Dari plot di atas, dapat terlihat bahwa sebaran posterior bagi 0 dan 1 dapat terbentuk dari sebaran prior normal yang merupakan hasil dari kasus 1. Terdapat perbedaan pada sebaran prior dan posterior. Hal ini menunjukan bahwa sebaran sebelumnya telah berhasil diperbaharui dengan memasukkannya terhadap regresi linear bayes yang baru. Dari plot juga dapat terlihat bahwa sebaran yang terbentuk pada posterior lebih ramping yang menandakan bahwa ragam posteriornya lebih rendah daripada ragam prior. Hal ini menunjukan bahwa hasil di kasus kedua lebih baik daripada hasil pada kasus pertama. Kemudian, dapat terlihat juga bahwa sebagian besar data berada di antara selang kepercayaan bagi y. Oleh karena itu, dapat dinyatakan bahwa dugaan model ini telah baik.

Kesimpulan

Dari dua kasus yang diberikan, dapat disimpulkan bahwa dalam analisis regresi linear bayesian, sebaran prior pada parameter model mempengaruhi distribusi posterior parameter. Sebaran prior pada parameter model dapat berupa Uniform atau Normal, dengan nilai parameter prior yang diberikan atau dihitung berdasarkan kasus sebelumnya.
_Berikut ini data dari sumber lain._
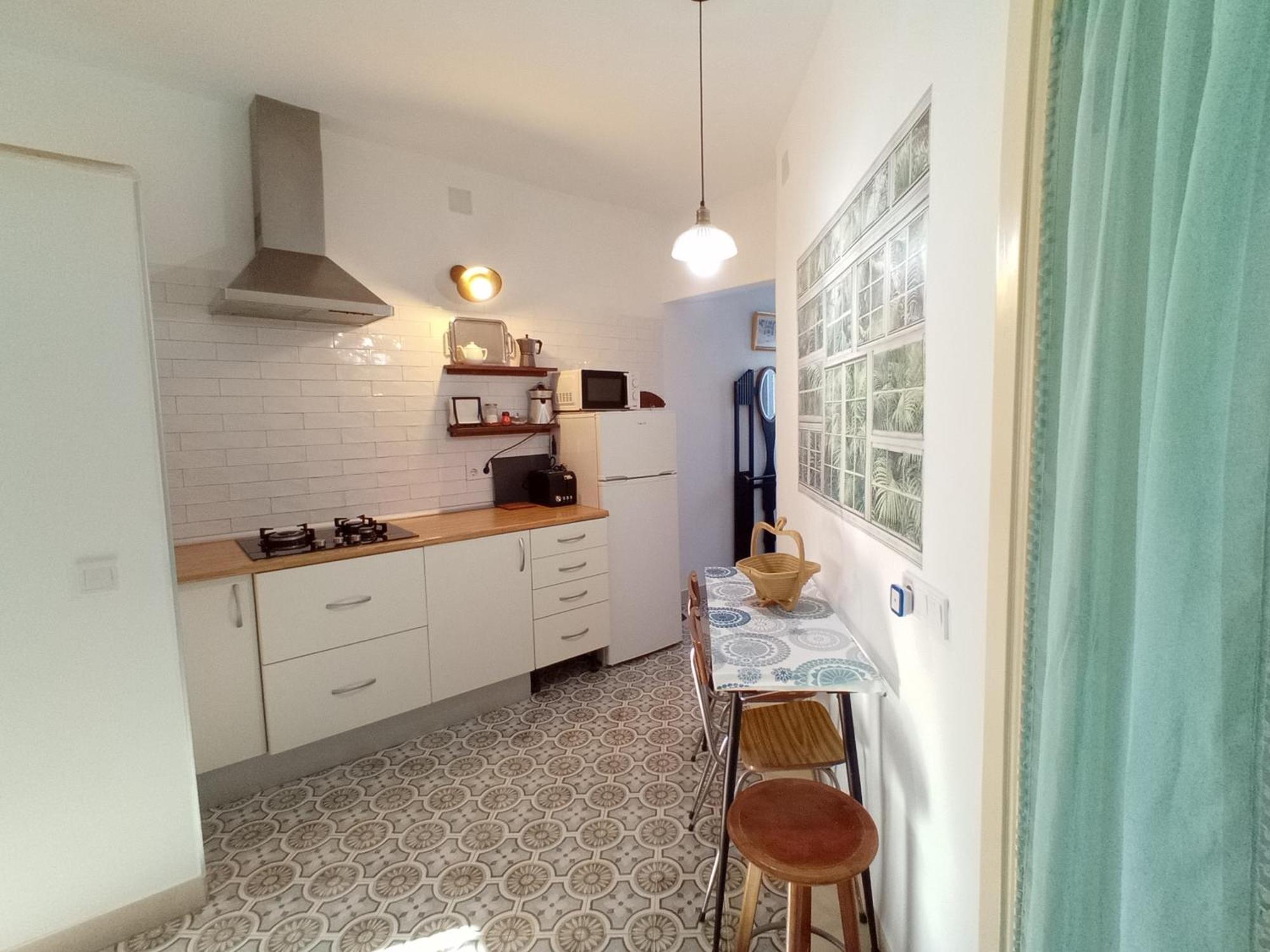 Appartement Casa Salomé Frigiliana Extérieur photo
Kasus pertama menghasilkan model dengan parameter intercept 3482 dan slope 89.23, dengan simpangan baku posterior masing-masing sebesar 57.601 dan 5.6691. Hal ini menunjukkan bahwa dalam sebaran prior yang seragam, parameter intersep dan slope memiliki nilai yang konsisten, namun memiliki tingkat variasi yang cukup signifikan.
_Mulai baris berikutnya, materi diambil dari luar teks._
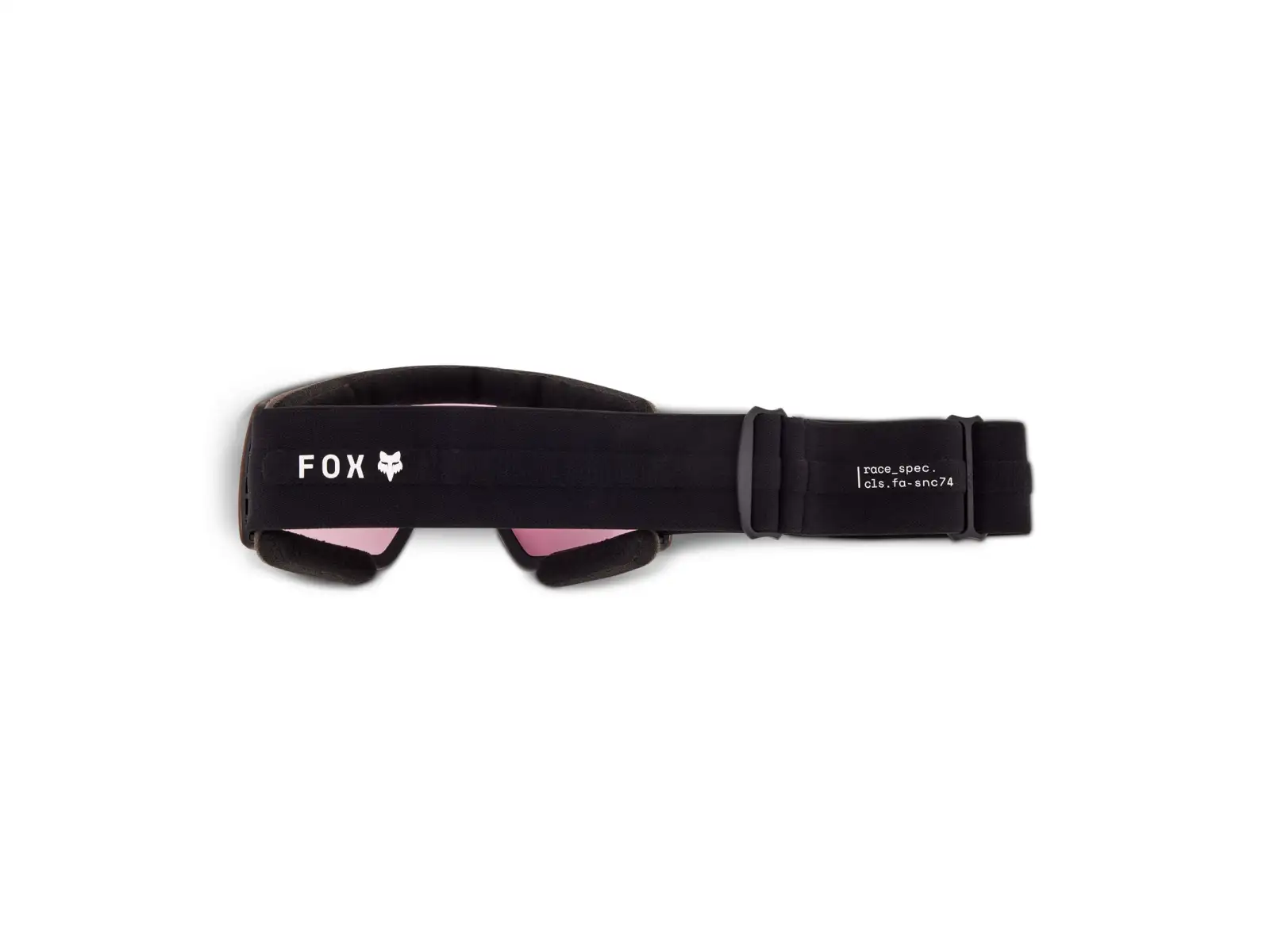Fox Purevue brýle Black/Vivid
Kasus kedua mengambil nilai parameter prior dari hasil kasus pertama, dan menghasilkan model dengan parameter intercept 3482 dan slope 89.23, dengan simpangan baku posterior masing-masing sebesar 27.818 dan 2.7378. Hal ini menunjukkan bahwa dengan menggunakan nilai prior yang lebih spesifik, distribusi posterior parameter menjadi lebih terfokus dan memiliki tingkat variasi yang lebih rendah.

Secara keseluruhan, analisis regresi linear bayesian dapat memberikan hasil yang lebih akurat dan konsisten dalam memodelkan data, tergantung pada sebaran prior yang digunakan. Sebaran prior yang lebih spesifik dan kompleks dapat memberikan distribusi posterior parameter yang lebih terfokus dan akurat, sehingga dapat meningkatkan prediksi model terhadap data yang diobservasi.